The WHO currently relies on a BMI of 30 kg/m² as a universal indicator of obesity in white men and women of all ages, which is calculated by dividing an individual’s weight in kilograms by the square of their height in metres. 

However, given the changes that occur to body composition with ageing – such as an increase in body fat (with the maximum amount seen between age 50 and 60 years) and a decrease in lean mass (muscle, which declines by almost 5% each decade after the age of 30) – the use of the current BMI cut-off point as an indicator of obesity for all age groups may not be appropriate. 

To test the validity of the traditional cut-off of 30 in middle-aged and older Italians, researchers from the University of Rome, University of Modena and the Beirut Arab University in Lebanon, conducted a cross-sectional study involving 4,800 adults aged 40-80 years. 

People were excluded if they were pregnant, taking medication that affected body weight and composition, had underlying medical conditions associated with weight loss (i.e., cancers) or severe psychiatric disorders. 

Participants were classified according to current BMI cut-offs: 

  • 1,087 normal-weight – BMI 18.5-24.99 kg/m²  
  • 1,826 overweight (25 kg/m²-29.9 kg/m²) 
  • 1,887 individuals with obesity (30 kg/m² and above) 
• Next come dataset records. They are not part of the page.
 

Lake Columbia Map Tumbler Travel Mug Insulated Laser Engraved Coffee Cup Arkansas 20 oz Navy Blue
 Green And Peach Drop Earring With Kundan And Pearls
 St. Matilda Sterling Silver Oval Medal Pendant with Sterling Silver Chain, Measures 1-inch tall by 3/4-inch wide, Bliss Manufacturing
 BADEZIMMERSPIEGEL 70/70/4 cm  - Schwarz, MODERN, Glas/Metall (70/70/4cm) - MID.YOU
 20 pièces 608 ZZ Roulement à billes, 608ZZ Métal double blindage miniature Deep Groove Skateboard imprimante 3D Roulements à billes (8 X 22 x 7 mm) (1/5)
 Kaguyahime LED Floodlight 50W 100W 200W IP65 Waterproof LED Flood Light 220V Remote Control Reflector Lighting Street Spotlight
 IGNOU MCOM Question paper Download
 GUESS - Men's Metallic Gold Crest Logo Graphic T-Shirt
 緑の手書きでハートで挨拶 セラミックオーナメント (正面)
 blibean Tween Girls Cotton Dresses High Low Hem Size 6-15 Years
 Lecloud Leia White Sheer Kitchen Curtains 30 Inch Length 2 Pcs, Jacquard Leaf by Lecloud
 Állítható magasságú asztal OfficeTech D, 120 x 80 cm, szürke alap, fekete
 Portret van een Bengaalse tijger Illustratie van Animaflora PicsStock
They were then recategorized by adiposity status based on the total body fat percentage (BF%) measured using dual x-ray absorptiometry (DXA) scans, according to age- and gender-specific obesity cut-off points: 

  • 40–59 years: BF% 40% or higher for females and BF% 28% or higher for males; and  
  • 60–79 years: BF% 42% or higher for females and BF% 30% or higher for males).  

These BF% cut-offs were based on a widely used reference for defining obesity. 
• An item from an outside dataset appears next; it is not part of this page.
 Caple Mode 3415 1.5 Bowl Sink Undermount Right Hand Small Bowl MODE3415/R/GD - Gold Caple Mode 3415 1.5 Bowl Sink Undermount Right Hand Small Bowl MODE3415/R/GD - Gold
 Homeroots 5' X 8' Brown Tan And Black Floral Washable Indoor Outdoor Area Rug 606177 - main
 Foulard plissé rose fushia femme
Researchers then assessed the diagnostic performance of BMI in detecting obesity defined by body fat percentage for all participants by age and gender to find the best sensitivity and specificity for predicting obesity in middle-aged and older adults. 
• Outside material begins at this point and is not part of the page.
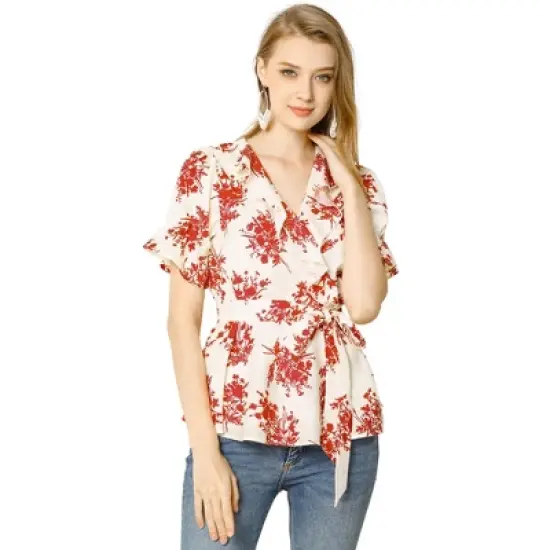 Allegra K Women's Floral V Neck Tie Waist Short Sleeve Belted Ruffle Wrap Top image {6}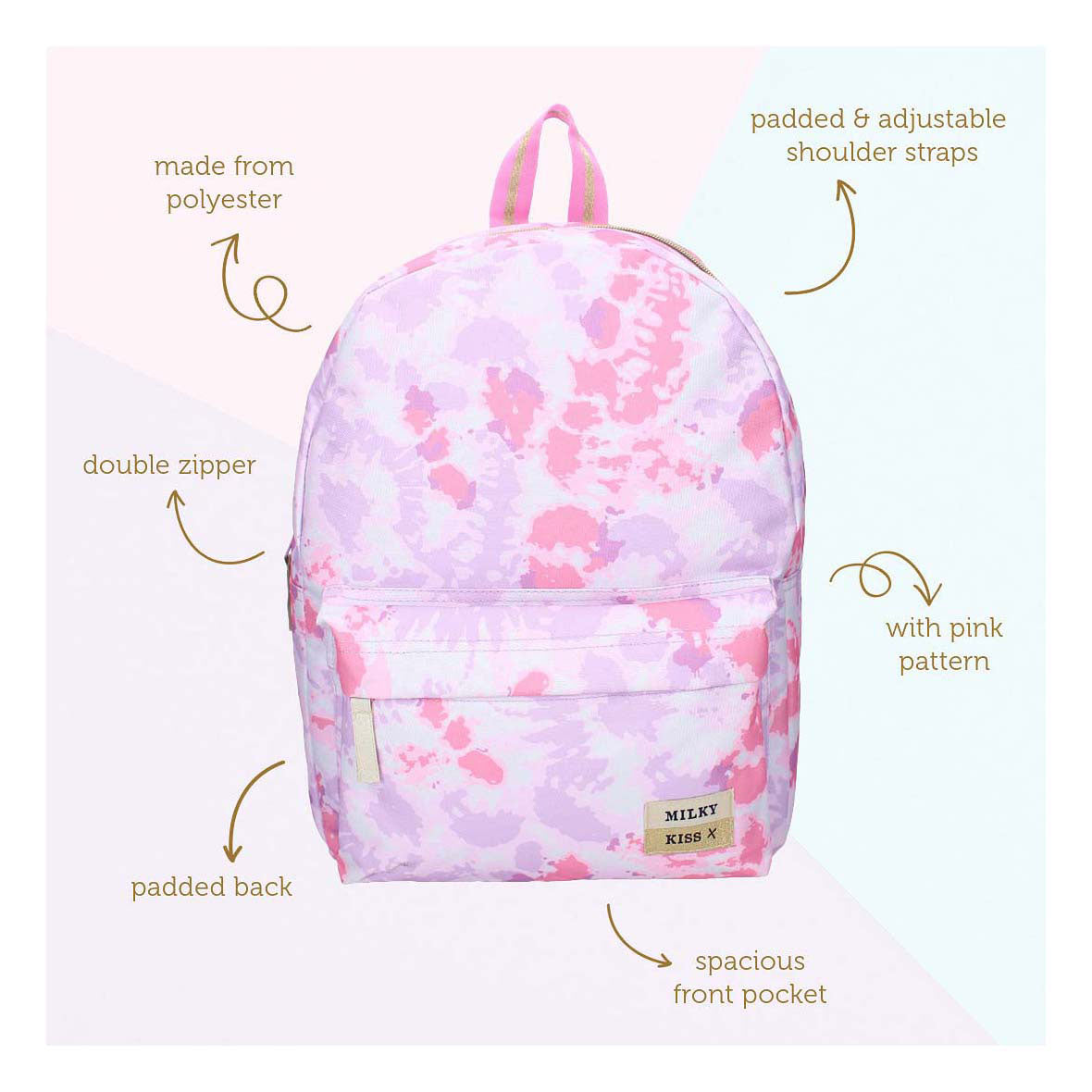 Mochila Milky Kiss amor y risas - violeta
Many participants with a BMI indicative of healthy weight were classified as having obesity when accounting for body fat percentage. 

Ultimately, around 38% of men and 41% of women had a BMI of 30 kg/m² or above based on WHO criteria, indicating obesity. However, when assessed according to body fat percentage, around two-thirds of the men (71%) and women (64%) were considered as having obesity. 

The researchers found that the most appropriate BMI cut-off point for identifying obesity in middle-aged and older adults based on body fat percentage was 27.08 kg/m² in females and 27.36 kg/m² in males, with a high degree of accuracy – a cut off of 27 kg/m²had a nearly 90% chance of detecting obesity across genders. 

Strikingly, only 57% of women considered to have obesity according to the new BMI cut-off were correctly classified according to the WHO standard resulting in around 40% of women with obesity were missed. Similarly, around half of men with obesity were missed based on the current WHO threshold. 

“This new BMI cut off recognises the physiological differences between middle-aged and older adults and younger populations. It’s likely that the changes in body composition across the lifespan, which seem to occur without a meaningful change in body weight, lead to higher adiposity at a lower BMI,” Professor El Ghoch said.